18:36karolherbst: %r16 should get replaced by a phi value, but isn't
18:38imirkin: when are you printing that out?
18:39imirkin: is this pre-opt/pre-ssa or post-opt?
18:39karolherbst: pre ssa
18:39karolherbst: the first print for DEBUG=3
18:39imirkin: so then that's fine...
18:39imirkin: pre-ssa means ... pre-ssa
18:39imirkin: aka no phi nodes
18:39karolherbst: but while converting to ssa, the phi node doesn't get inserted
18:41imirkin: is eq %r16 a thing btw?
18:42imirkin: don't you have to make it into a FILE_PREDICATE?
18:43karolherbst: it is
18:43karolherbst: it gets converted into a predicate later
18:43karolherbst: from_tgsi does the same
18:43karolherbst: eq %r1 bra BB:9 (0) in the TGSI version
18:44karolherbst: it compares against 0 aka false
18:54karolherbst: trying to visualize the flow: https://gist.githubusercontent.com/karolherbst/c4a7c59d85258ef35a492e3e0ab0466f/raw/8aaa025f6bf6ce36673a717fd6e9012019079dfe/gistfile1.txt
18:55karolherbst: nir gives me empty else branches, so that's why there are a few more BBs in the nir version
18:58imirkin: so you have to be a little careful with edge types
18:58imirkin: the way tgsi generates them isn't exactly to spec
18:58imirkin: which is unfortunate
18:58imirkin: but i've been too chicken to change it to be "correct"

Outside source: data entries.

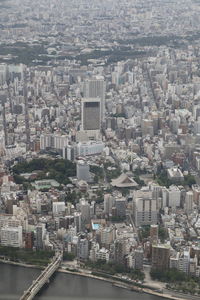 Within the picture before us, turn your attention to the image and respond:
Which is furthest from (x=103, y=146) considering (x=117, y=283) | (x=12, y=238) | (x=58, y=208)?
(x=117, y=283)

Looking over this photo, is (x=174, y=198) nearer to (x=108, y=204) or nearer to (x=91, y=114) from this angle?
(x=108, y=204)

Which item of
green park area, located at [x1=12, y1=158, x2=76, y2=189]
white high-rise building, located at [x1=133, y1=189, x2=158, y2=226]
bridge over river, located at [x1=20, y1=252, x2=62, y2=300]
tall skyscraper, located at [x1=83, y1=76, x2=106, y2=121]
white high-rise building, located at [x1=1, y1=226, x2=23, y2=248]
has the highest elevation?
tall skyscraper, located at [x1=83, y1=76, x2=106, y2=121]

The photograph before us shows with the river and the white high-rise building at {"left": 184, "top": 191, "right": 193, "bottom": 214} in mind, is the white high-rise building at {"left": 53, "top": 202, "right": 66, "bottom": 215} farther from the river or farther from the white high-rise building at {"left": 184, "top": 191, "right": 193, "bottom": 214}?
the white high-rise building at {"left": 184, "top": 191, "right": 193, "bottom": 214}

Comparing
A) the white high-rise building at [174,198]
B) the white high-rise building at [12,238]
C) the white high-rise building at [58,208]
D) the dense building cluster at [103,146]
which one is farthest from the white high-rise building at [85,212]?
the white high-rise building at [174,198]

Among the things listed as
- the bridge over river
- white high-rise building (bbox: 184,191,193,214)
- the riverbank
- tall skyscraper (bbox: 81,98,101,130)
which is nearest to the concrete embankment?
the riverbank

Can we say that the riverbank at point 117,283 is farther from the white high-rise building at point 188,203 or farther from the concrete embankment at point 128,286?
the white high-rise building at point 188,203

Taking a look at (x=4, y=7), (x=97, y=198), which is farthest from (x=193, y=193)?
(x=4, y=7) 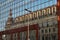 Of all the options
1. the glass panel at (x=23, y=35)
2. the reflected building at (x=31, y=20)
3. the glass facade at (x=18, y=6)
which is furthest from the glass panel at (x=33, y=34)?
the glass facade at (x=18, y=6)

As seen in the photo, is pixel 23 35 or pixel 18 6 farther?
pixel 18 6

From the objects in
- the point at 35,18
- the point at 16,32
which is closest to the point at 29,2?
A: the point at 35,18

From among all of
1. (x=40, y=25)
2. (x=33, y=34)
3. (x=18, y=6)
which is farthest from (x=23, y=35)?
(x=18, y=6)

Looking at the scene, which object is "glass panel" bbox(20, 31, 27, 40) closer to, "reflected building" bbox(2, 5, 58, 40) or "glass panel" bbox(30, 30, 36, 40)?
"reflected building" bbox(2, 5, 58, 40)

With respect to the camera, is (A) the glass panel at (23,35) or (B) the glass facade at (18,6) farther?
(A) the glass panel at (23,35)

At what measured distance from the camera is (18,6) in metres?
64.1

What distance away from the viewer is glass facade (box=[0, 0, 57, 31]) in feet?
173

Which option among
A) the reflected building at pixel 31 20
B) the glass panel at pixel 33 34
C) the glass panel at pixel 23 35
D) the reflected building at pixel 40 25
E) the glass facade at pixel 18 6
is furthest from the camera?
the glass panel at pixel 23 35

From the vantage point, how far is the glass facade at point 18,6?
52728 mm

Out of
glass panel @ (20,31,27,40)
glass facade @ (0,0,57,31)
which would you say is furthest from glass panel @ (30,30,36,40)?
glass facade @ (0,0,57,31)

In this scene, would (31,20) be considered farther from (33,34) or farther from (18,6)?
(18,6)

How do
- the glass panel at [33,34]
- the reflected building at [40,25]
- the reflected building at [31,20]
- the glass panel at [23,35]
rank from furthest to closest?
the glass panel at [23,35] → the glass panel at [33,34] → the reflected building at [31,20] → the reflected building at [40,25]

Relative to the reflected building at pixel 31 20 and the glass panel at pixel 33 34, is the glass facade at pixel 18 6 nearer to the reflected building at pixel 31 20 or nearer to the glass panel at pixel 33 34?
the reflected building at pixel 31 20

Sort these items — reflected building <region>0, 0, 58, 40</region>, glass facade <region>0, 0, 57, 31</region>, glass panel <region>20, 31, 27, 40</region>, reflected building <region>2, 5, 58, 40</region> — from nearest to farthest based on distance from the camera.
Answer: reflected building <region>2, 5, 58, 40</region>, reflected building <region>0, 0, 58, 40</region>, glass facade <region>0, 0, 57, 31</region>, glass panel <region>20, 31, 27, 40</region> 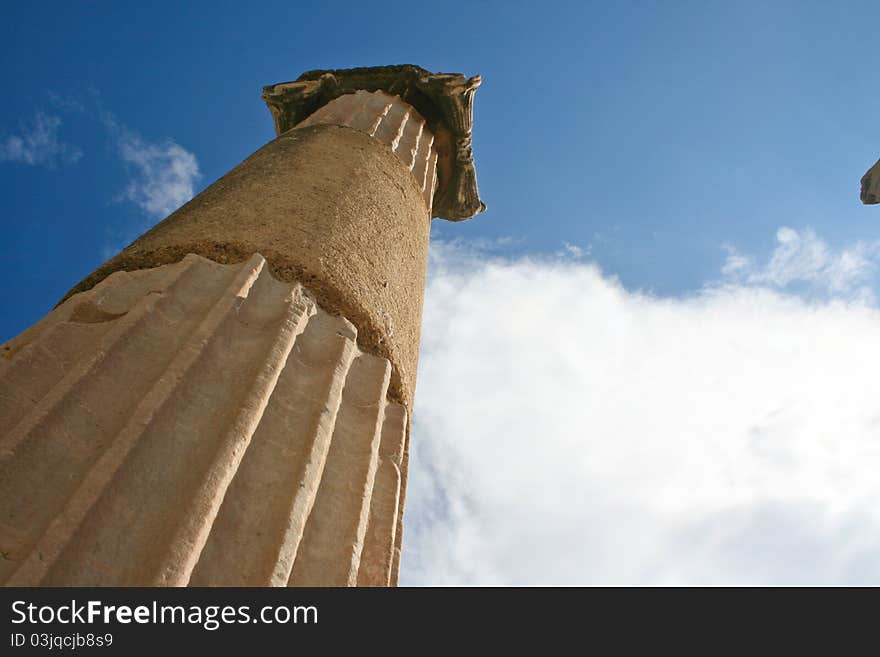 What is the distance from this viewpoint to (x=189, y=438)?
2328 mm

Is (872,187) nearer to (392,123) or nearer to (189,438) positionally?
(392,123)

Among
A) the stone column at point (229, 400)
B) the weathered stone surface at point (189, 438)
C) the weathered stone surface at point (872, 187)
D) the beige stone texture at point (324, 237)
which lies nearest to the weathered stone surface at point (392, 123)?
the beige stone texture at point (324, 237)

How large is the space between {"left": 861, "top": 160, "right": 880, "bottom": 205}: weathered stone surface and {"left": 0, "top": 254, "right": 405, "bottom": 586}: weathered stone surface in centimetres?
944

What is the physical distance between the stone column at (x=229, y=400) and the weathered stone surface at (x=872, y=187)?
8.28m

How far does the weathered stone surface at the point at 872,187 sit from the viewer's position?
9.95m

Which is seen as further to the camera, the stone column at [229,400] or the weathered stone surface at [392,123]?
the weathered stone surface at [392,123]

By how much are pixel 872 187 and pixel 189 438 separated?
34.8ft

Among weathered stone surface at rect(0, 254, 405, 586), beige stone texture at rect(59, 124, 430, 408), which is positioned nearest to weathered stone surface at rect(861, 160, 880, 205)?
beige stone texture at rect(59, 124, 430, 408)

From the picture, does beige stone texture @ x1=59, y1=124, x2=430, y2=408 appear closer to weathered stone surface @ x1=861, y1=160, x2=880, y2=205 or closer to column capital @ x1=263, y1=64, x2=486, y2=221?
column capital @ x1=263, y1=64, x2=486, y2=221

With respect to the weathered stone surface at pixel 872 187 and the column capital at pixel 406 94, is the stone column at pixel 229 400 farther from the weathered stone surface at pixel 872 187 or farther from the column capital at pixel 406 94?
the weathered stone surface at pixel 872 187

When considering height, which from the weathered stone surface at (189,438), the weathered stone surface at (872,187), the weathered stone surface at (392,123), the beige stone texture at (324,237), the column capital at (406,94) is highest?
the weathered stone surface at (872,187) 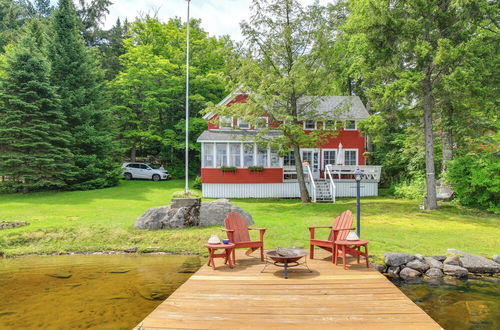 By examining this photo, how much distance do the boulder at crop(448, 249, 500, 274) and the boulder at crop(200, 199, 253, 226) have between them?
610 cm

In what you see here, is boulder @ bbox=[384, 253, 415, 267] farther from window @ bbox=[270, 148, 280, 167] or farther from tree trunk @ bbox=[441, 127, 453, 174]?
window @ bbox=[270, 148, 280, 167]

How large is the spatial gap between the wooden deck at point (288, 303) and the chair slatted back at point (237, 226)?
Result: 0.90m

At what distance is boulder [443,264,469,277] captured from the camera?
696 cm

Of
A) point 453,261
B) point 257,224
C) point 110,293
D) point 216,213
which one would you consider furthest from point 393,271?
point 216,213

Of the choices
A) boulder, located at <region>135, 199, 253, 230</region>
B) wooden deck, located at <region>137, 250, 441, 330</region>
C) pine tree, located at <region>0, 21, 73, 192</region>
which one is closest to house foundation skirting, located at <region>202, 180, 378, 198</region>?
boulder, located at <region>135, 199, 253, 230</region>

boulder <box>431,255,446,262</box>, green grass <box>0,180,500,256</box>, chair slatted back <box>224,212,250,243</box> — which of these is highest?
chair slatted back <box>224,212,250,243</box>

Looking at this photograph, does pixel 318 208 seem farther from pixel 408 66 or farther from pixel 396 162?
pixel 396 162

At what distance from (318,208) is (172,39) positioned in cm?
2238

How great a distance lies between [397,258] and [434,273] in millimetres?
766

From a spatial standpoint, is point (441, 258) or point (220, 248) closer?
point (220, 248)

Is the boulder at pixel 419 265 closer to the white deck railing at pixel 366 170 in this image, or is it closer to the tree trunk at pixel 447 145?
the tree trunk at pixel 447 145

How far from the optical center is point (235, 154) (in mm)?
19984

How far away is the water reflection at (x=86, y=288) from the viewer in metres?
4.96

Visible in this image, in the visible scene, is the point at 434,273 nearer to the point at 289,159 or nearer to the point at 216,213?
the point at 216,213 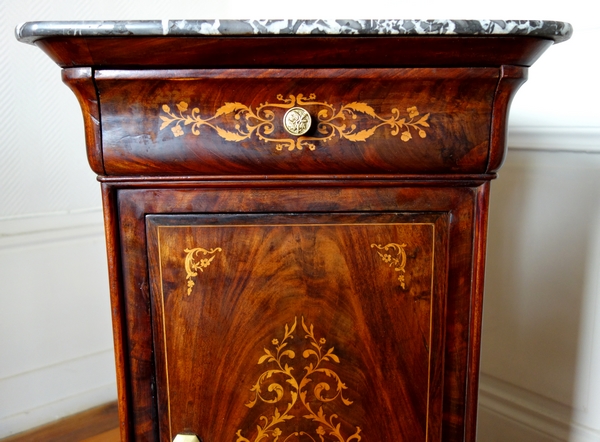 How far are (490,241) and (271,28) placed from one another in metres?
0.76

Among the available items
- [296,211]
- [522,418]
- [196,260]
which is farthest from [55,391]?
[522,418]

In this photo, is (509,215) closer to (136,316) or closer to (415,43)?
(415,43)

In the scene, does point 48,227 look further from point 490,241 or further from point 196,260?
point 490,241

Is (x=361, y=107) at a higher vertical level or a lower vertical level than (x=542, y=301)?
higher

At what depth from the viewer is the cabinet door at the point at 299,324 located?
0.63 metres

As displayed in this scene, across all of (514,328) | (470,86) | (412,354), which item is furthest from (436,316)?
(514,328)

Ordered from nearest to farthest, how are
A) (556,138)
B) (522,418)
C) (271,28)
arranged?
(271,28) < (556,138) < (522,418)

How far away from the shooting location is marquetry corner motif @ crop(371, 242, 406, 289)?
24.7 inches

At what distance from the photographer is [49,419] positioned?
1.24 meters

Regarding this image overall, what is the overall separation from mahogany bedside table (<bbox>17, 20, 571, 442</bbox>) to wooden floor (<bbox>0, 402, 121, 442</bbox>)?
23.7 inches

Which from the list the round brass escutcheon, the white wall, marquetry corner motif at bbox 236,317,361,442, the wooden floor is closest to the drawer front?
the round brass escutcheon

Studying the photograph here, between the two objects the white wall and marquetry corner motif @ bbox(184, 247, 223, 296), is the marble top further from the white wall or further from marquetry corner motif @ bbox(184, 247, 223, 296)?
the white wall

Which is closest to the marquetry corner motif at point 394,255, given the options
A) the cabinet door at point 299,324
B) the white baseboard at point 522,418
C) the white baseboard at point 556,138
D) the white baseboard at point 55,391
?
the cabinet door at point 299,324

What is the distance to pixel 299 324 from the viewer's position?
646 mm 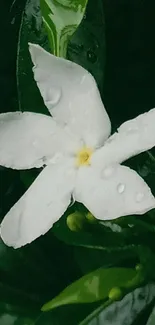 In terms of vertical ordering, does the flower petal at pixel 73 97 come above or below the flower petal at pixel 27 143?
above

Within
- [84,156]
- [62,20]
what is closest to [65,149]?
[84,156]

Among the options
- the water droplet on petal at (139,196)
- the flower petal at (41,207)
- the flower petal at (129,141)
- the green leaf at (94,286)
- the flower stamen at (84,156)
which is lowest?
the green leaf at (94,286)

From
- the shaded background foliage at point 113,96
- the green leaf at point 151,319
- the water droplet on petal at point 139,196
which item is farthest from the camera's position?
the shaded background foliage at point 113,96

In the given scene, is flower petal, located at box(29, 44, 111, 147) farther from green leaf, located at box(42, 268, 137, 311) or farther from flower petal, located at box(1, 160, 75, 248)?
green leaf, located at box(42, 268, 137, 311)

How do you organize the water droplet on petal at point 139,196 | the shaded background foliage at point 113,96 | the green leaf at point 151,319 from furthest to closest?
the shaded background foliage at point 113,96 < the green leaf at point 151,319 < the water droplet on petal at point 139,196

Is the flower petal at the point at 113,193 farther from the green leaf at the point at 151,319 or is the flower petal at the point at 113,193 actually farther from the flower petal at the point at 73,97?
the green leaf at the point at 151,319

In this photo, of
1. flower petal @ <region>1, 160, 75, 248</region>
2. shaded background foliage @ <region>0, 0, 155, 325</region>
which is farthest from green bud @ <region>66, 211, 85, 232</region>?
shaded background foliage @ <region>0, 0, 155, 325</region>

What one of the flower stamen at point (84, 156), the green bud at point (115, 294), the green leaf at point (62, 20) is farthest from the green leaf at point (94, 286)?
the green leaf at point (62, 20)

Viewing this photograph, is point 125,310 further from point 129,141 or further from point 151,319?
point 129,141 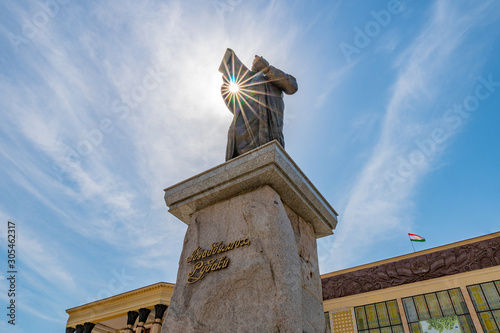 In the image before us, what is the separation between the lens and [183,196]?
3.52 metres

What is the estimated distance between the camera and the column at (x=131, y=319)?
2208 cm

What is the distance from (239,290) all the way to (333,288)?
68.3 ft

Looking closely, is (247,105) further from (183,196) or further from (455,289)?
(455,289)

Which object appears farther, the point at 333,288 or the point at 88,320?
the point at 88,320

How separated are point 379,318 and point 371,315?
0.52 meters

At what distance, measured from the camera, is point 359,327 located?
19609mm

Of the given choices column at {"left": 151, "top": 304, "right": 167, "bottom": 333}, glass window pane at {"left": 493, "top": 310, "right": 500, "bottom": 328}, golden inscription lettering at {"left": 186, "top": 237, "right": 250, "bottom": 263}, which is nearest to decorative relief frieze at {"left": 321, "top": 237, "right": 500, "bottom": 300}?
glass window pane at {"left": 493, "top": 310, "right": 500, "bottom": 328}

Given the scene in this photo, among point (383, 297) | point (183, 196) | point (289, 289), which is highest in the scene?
point (383, 297)

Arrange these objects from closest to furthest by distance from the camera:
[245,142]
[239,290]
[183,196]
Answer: [239,290] < [183,196] < [245,142]

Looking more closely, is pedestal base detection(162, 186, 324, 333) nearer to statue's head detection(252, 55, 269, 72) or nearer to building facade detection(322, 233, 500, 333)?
statue's head detection(252, 55, 269, 72)

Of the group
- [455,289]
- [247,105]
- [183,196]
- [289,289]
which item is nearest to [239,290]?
[289,289]

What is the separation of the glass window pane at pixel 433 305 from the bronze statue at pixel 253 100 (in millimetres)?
18713

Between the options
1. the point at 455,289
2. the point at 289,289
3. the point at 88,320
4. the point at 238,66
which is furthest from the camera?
the point at 88,320

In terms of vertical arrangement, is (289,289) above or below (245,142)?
below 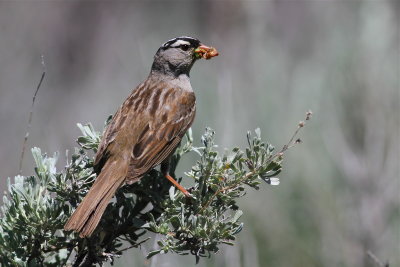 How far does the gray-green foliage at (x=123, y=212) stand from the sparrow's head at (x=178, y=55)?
1.34m

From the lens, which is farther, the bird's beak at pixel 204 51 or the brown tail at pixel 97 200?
the bird's beak at pixel 204 51

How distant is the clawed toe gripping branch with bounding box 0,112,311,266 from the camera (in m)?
2.94

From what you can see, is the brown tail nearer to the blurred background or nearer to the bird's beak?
the blurred background

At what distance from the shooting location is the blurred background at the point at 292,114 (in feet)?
19.5

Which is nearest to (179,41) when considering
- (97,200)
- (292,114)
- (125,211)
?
(125,211)

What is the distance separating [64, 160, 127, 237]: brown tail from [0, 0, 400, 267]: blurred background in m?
0.44

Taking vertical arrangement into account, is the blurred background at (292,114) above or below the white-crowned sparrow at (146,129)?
below

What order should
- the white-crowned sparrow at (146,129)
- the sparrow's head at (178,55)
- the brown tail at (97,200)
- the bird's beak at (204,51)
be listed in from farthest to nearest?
the sparrow's head at (178,55)
the bird's beak at (204,51)
the white-crowned sparrow at (146,129)
the brown tail at (97,200)

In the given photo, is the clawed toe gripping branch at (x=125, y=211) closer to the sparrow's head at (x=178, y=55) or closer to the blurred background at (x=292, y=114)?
the blurred background at (x=292, y=114)

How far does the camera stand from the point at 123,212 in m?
3.32

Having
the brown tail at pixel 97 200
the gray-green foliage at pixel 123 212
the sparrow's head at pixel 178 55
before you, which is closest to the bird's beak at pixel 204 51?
the sparrow's head at pixel 178 55

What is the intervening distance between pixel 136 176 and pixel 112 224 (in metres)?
0.30

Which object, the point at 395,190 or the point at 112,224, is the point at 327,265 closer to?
the point at 395,190

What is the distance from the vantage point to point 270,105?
7672 millimetres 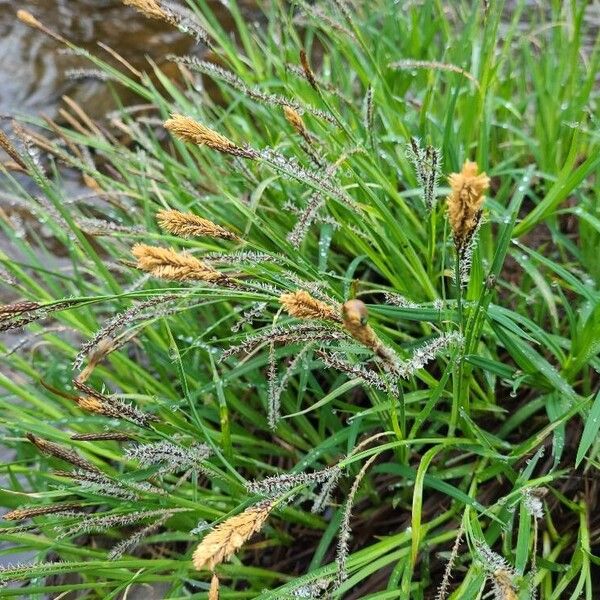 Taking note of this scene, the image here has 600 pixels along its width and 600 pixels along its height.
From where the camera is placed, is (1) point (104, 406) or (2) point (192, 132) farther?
(1) point (104, 406)

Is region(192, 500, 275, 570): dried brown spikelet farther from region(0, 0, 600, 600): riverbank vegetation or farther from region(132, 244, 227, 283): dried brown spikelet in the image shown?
region(132, 244, 227, 283): dried brown spikelet

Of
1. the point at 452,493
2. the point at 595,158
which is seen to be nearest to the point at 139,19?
the point at 595,158

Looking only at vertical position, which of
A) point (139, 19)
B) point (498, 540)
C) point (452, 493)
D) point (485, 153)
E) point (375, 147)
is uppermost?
point (139, 19)

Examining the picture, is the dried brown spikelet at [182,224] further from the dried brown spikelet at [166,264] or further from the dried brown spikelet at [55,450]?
the dried brown spikelet at [55,450]

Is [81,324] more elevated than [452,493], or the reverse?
[81,324]

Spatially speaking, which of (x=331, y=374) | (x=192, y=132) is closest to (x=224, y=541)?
(x=192, y=132)

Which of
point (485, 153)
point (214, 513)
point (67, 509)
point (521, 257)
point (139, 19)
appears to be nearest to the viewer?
point (67, 509)

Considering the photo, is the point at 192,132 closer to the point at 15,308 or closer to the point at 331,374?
the point at 15,308

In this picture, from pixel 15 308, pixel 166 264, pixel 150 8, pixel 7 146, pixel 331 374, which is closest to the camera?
pixel 166 264

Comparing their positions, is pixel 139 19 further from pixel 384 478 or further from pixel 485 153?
pixel 384 478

18:59karolherbst: I noticed
18:59karolherbst: I tried to be more like spec, but everything broke
18:59karolherbst: so now I try to be like tgsi
19:00karolherbst: I think I should take a deeper look on what TGSI does when there is a else branch
19:00karolherbst: maybe something gets fixed up or produces different edges or something...
19:02karolherbst: anyway, the write in BB:0 isn't "detected" lets say
19:02karolherbst: and I don't see why it wouldn't
19:03karolherbst: maybe BB:2 -> BB:6 already needs to be a forward edge? would be strange though
19:04dupondje: whats a quick & easy tool to check performance of nouveau vs nvidia driver?
19:04dupondje: want to see what difference there is on mt laptop :)
19:04karolherbst: run something with nouveau and then run it with nvidia ;)
19:04karolherbst: there is no tool for it
19:05dupondje: I have no games :)
19:05karolherbst: well do you need performance then?
19:05karolherbst: or are you just interested in general?
19:07dupondje: yea indeed, general performance :)
19:10dupondje: ./GpuTest /test=fur /width=800 /height=600 /benchmark
19:10dupondje: found this :D
19:11dupondje: 22 FPS for my integrated card (Intel)
19:11dupondje: 10 FPS for nouveau
19:11dupondje: ah well :)
19:14imirkin: dupondje: which GPU?
19:14imirkin: did you clock it up?
19:14imirkin: by default it'll be super-slow
19:15imirkin: echo 0f > /sys/kernel/debug/dri/1/pstate
19:15dupondje: I didnt touch anything :)
19:17dupondje: what clock does it run by default?
19:19imirkin: whatever it boots to
19:19imirkin: either the lowest or second-lowest perf level
19:24karolherbst: on maxwell it is usually the lowest
19:24karolherbst: with furmark we are pretty close to nvidia
19:24karolherbst: dupondje: try pixmark_piano
19:24dupondje: that killed my laptop :P
19:24karolherbst: it didn't
19:24karolherbst: it just got slow ;)
19:24karolherbst: very much so
19:25dupondje: [104055.799716] watchdog: BUG: soft lockup - CPU#7 stuck for 22s! [kworker/7:0:10152]
19:25karolherbst: well right
19:25dupondje: had to reboot :( the echo 0f was hanging
19:25karolherbst: yeah, that is inconvenient
19:25karolherbst: you can only do that while your GPU is awake
19:25karolherbst: aka not suspended
19:26dupondje: well realized that after running the command :)
19:26dupondje: then it was to late :D
19:27imirkin: oh crap, sorry, forgot to mention that :(
19:28imirkin: karolherbst: you really need to get skeggsb to take your patches
19:28karolherbst: I know
19:28karolherbst: he knows
19:28karolherbst: he tries to review those for the next window afaik
19:32karolherbst: imirkin: ohh by the way, I guess it is right to say, that nvidia usually JIT compiles everything, even in the contet of CUDA and getting PTX binaries, right? Just wondering because I had a discussion with somebody and that person kind of assumed that Nvidia doesn't do JIT
19:32dupondje: Dec 17 20:27:20 lt-jeanlouis kernel: [ 322.945183] nouveau 0000:01:00.0: DRM: evicting buffers...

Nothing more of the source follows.